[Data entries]
"""

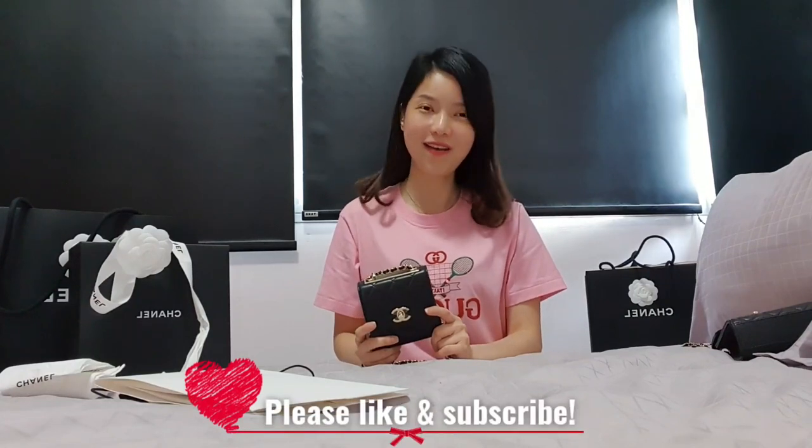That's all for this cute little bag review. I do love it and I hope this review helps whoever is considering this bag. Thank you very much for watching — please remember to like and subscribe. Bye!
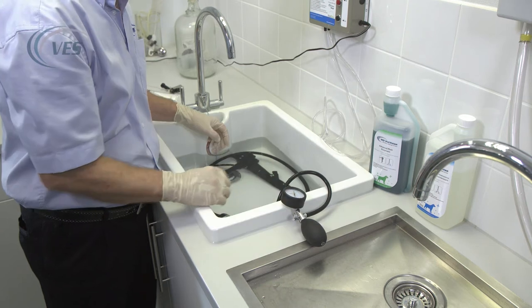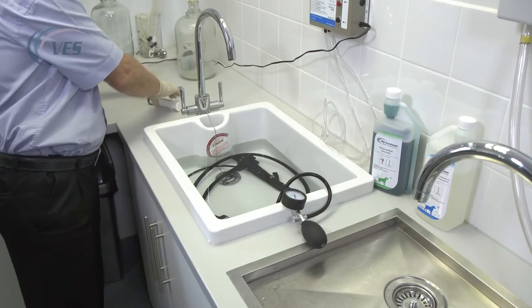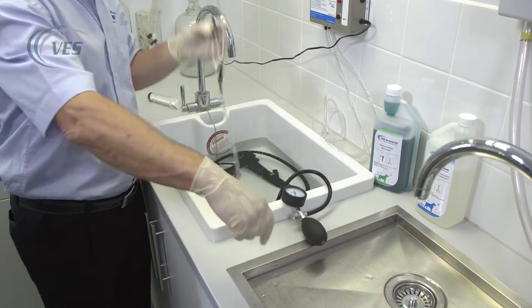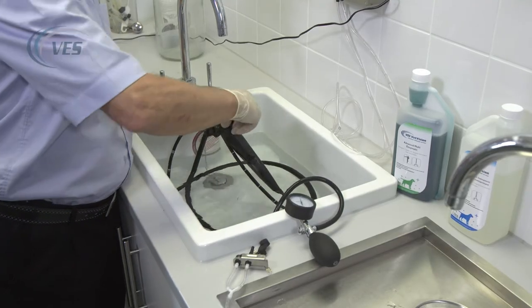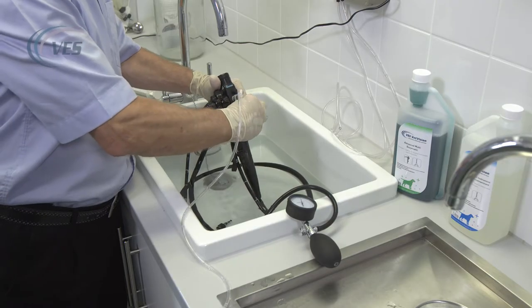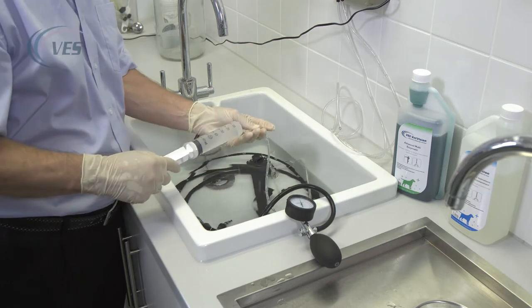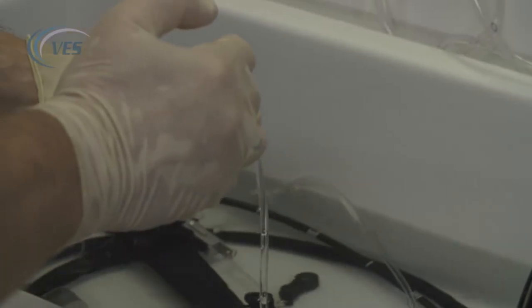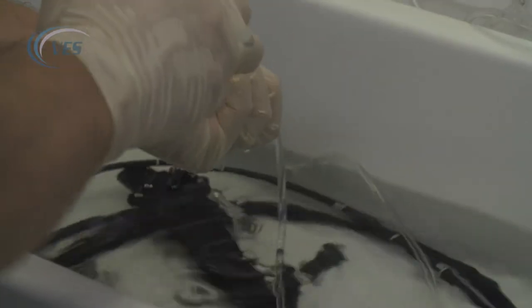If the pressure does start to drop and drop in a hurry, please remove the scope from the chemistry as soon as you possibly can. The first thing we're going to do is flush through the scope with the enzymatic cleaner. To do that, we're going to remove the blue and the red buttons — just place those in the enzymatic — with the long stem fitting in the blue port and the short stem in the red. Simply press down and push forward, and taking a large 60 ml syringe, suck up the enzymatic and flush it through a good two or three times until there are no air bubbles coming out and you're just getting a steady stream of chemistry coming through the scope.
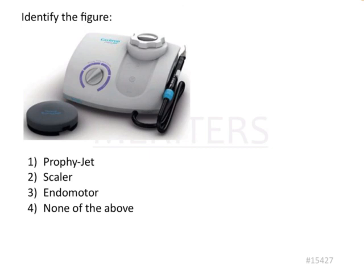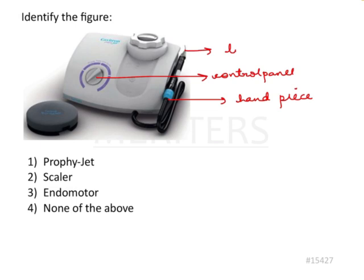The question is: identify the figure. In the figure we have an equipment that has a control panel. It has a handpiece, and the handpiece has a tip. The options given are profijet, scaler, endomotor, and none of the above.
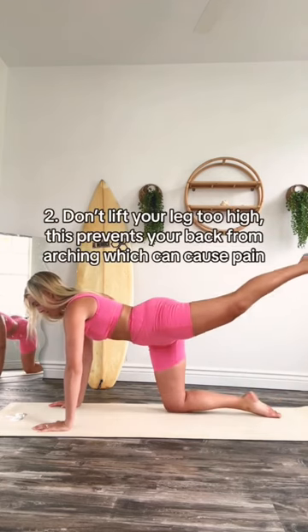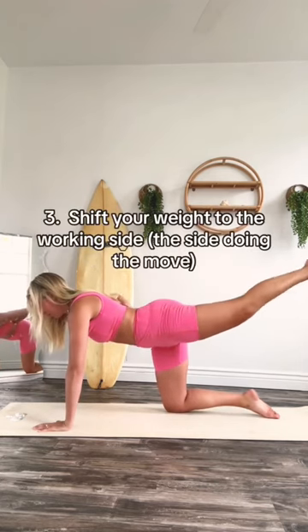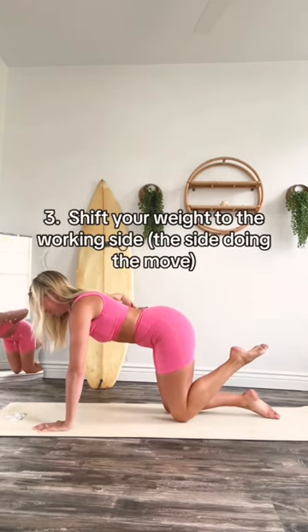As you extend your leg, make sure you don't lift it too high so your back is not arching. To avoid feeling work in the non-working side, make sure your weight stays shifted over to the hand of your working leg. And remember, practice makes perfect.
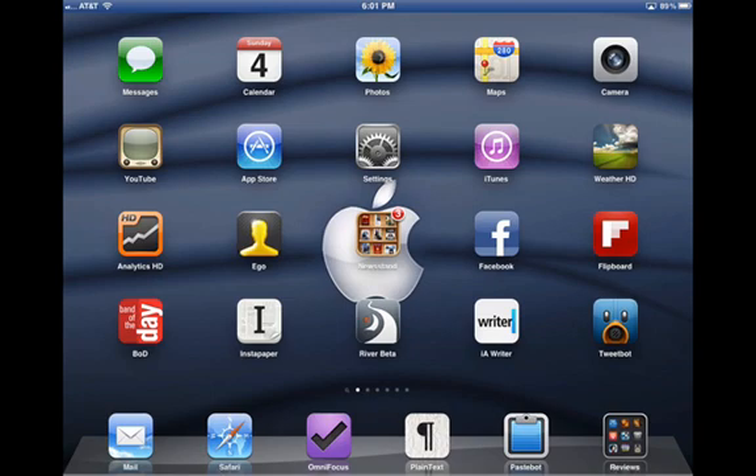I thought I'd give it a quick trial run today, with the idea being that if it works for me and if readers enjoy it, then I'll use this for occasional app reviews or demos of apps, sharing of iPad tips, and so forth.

"""

◆ **PROBLEM STATEMENT**:
Your task is to retype the records above in full and exactly, omitting the pictures.

◆ **SOLVED PROBLEM**:
That's all for this cute little bag review. I do love it and I hope this review helps whoever is considering this bag. Thank you very much for watching — please remember to like and subscribe. Bye!
If the pressure does start to drop and drop in a hurry, please remove the scope from the chemistry as soon as you possibly can. The first thing we're going to do is flush through the scope with the enzymatic cleaner. To do that, we're going to remove the blue and the red buttons — just place those in the enzymatic — with the long stem fitting in the blue port and the short stem in the red. Simply press down and push forward, and taking a large 60 ml syringe, suck up the enzymatic and flush it through a good two or three times until there are no air bubbles coming out and you're just getting a steady stream of chemistry coming through the scope.
The question is: identify the figure. In the figure we have an equipment that has a control panel. It has a handpiece, and the handpiece has a tip. The options given are profijet, scaler, endomotor, and none of the above.
As you extend your leg, make sure you don't lift it too high so your back is not arching. To avoid feeling work in the non-working side, make sure your weight stays shifted over to the hand of your working leg. And remember, practice makes perfect.
I thought I'd give it a quick trial run today, with the idea being that if it works for me and if readers enjoy it, then I'll use this for occasional app reviews or demos of apps, sharing of iPad tips, and so forth.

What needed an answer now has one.